■ **Given information**
━━━━

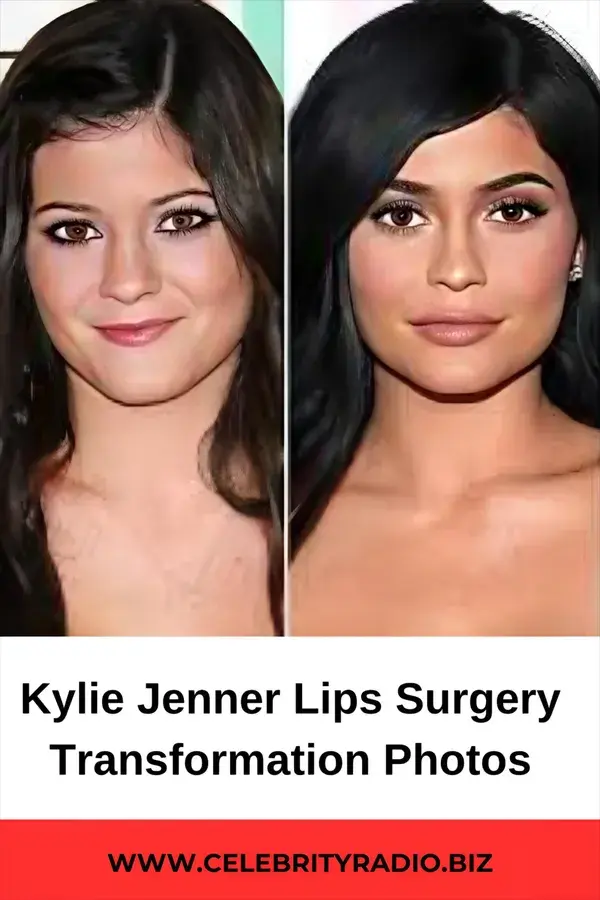 Kylie Jenner Lips Surgery Transformation Photos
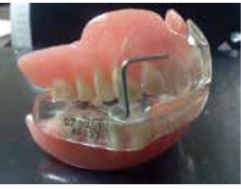 Ortho_Connect_Abrahamson_dentures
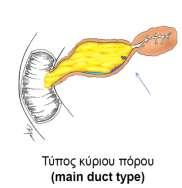 12 Papillary Mucinus Neoplasms, MDT-IPMN), νεοπλάσματα τύπου παράπλευρων πόρων (Branch Duct Type-Intraductal Papillary Mucinus Neoplasms, BDT-IPMN) ή σε συνδυασμένου τύπου.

━━━━

■ **Exercise aim**
With the pictures omitted, print each line of the data above precisely as given.

■ **Final answer**
 Kylie Jenner Lips Surgery Transformation Photos
 Ortho_Connect_Abrahamson_dentures
 12 Papillary Mucinus Neoplasms, MDT-IPMN), νεοπλάσματα τύπου παράπλευρων πόρων (Branch Duct Type-Intraductal Papillary Mucinus Neoplasms, BDT-IPMN) ή σε συνδυασμένου τύπου.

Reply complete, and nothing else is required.